You can read a transcript of IDP Education Ltd’s Annual General Meeting right here. It’s mostly quite dull, but I suppose it is interesting to see how IDP’s future depends on governments becoming more open to immigration in the near future. That’s a dicey proposition in a world where voters around the globe are becoming more nativist and more nationalist with every passing day.
While I was searching the warrens of the College Board’s website, I stumbled upon something I didn’t know I needed: this technical manual for the AP International English Language Test! Developed for the College board by ETS and offered from 1997 to 2002, the APIEL Test was used by some schools in the United States alongside TOEFL and IELTS to confirm English fluency when admitting international students.
Testing enthusiasts might find the content of the manual somewhat interesting. This was a three-hour test (plus time for instructions) and if you squint at it long enough you can see how it may have been influenced by research being done in support of the TOEFL iBT. For instance, this was the first ETS test with both a speaking section and a writing section. Meanwhile, in true AP fashion, the reading and listening items are sourced from real-world publications rather than the somewhat stilted constructions we see in tests today. I even spotted an uncredited excerpt from “The Spy Who Came in From the Cold.”
Perhaps some readers of this space contributed to the development of the test and have some memories to share.
This test actually came up in a conversation I had at DETcon 2024; another attendee reminisced about how ETS held similar events in the 90s to promote the product. Recall that back then ETS ran most of the College Board’s testing programs.
This seems to have been the College Board’s only foray into the world of high stakes English testing (aside from their early management of the TOEFL). I’ve often wondered if they have ever considered getting into this market. There is still some potential for profit, I think. Just off the top of my head I can count TEN firms trying to make money on high stakes testing for college admissions in the UK, but only four trying to profit from the much larger US market.
Pearson’s Nine Month trading update describes the PTE as having “strong performance” in Q3. Dunno what that actually means, but there ya go.
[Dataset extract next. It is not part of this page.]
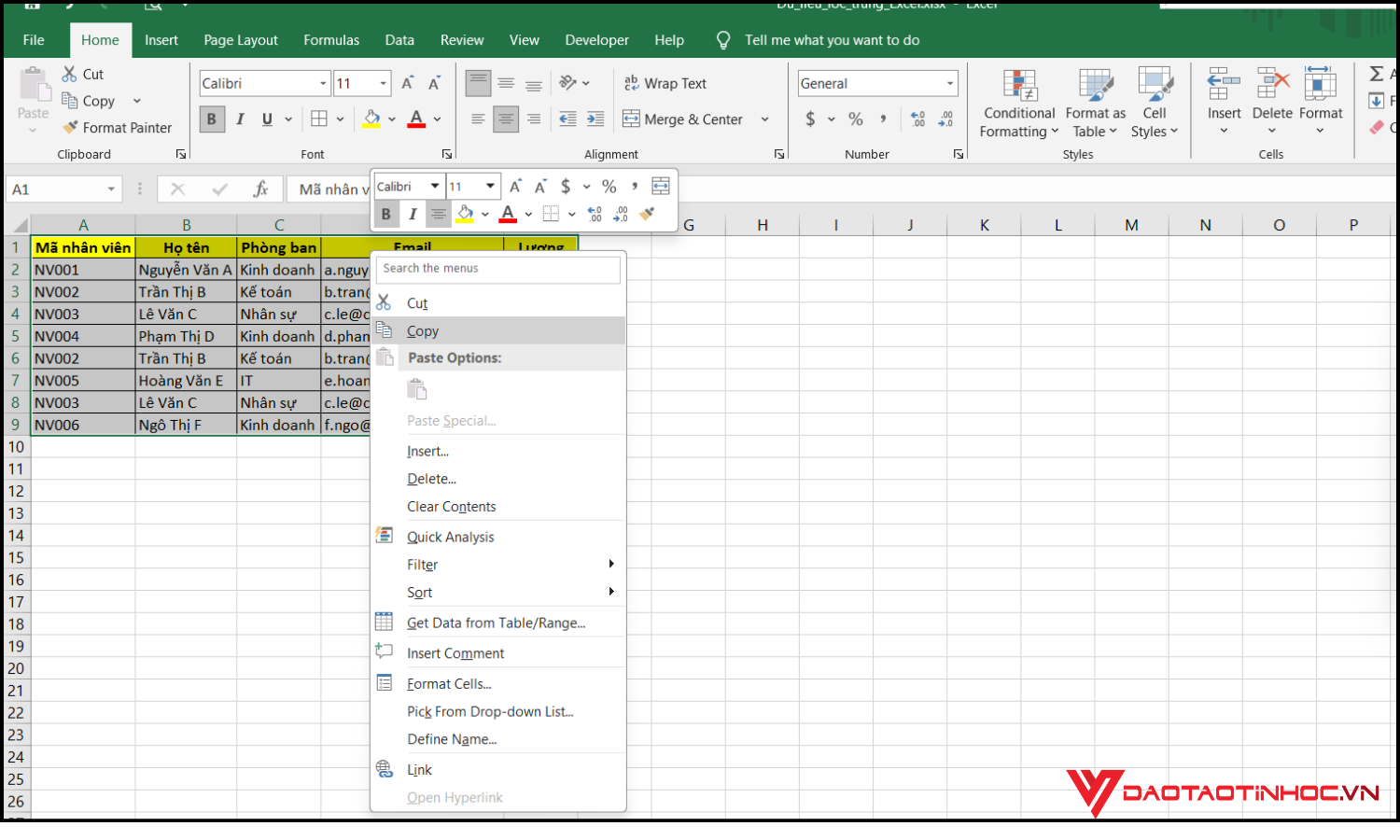 Cách copy trong Excel giữ nguyên định dạng bằng chuột phải bước 2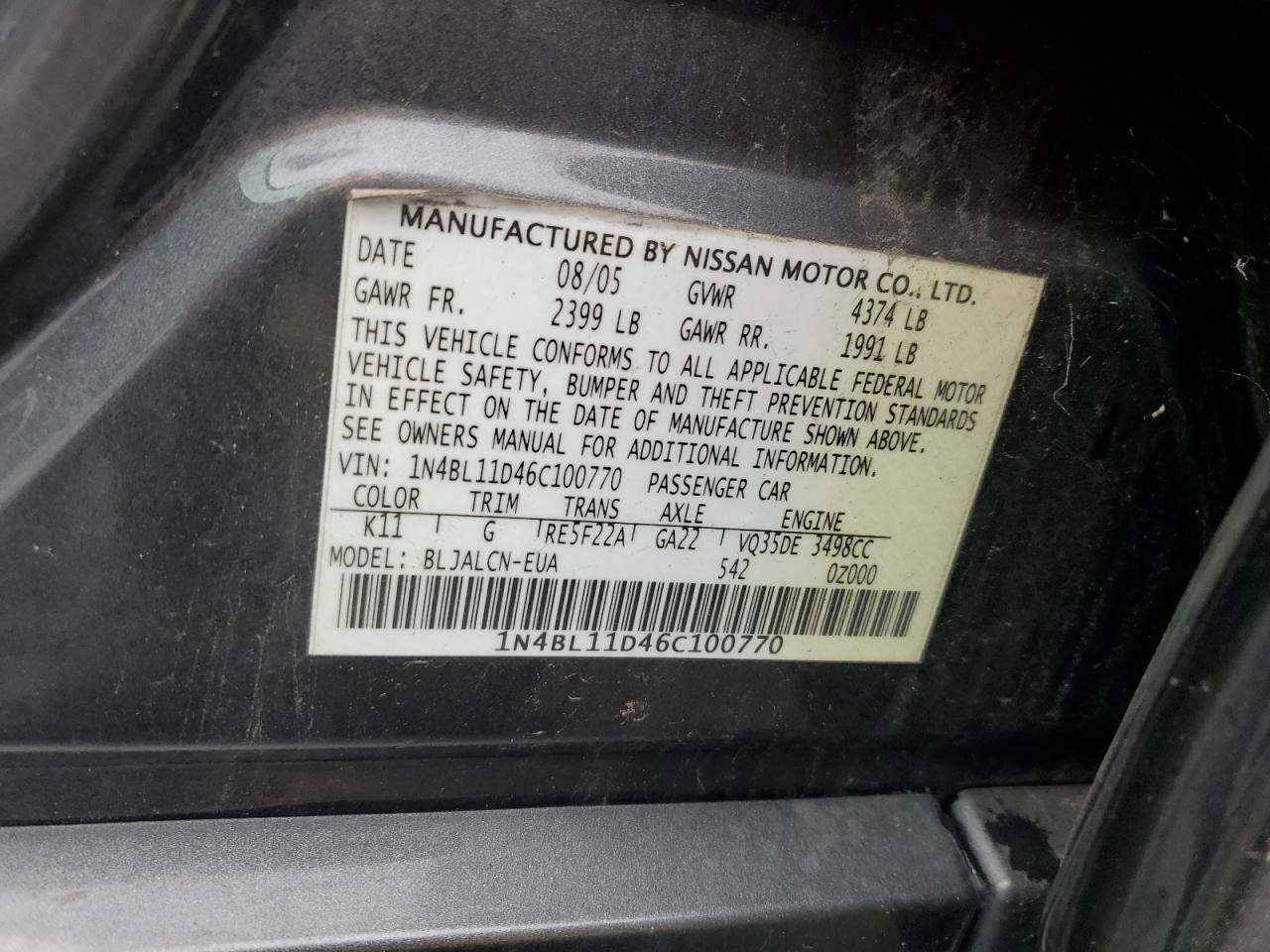 Photo 11 VIN: 1N4BL11D46C100770 - NISSAN ALTIMA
City & Guilds Institute has sold its assessment business to PeopleCert (they own LanguageCert) for an undisclosed amount. According to FE Week, CEO Kirstie Donnelly and almost all of City & Guilds’ 1,400 staff will move over to the PeopleCert organization. They will leave behind a very wealthy charity which will, one assumes, be seeking a new role to play in the world. PeopleCert has a press release out.
Recall that PeopleCert earlier acquired the City & Guilds English assessment business and from that formed the LanguageCert group of tests.
I’ve written quite a few times about non-profit assessment organizations selling their assets to buyers from the for-profit world. There will be more sales to come, I’m quite certain.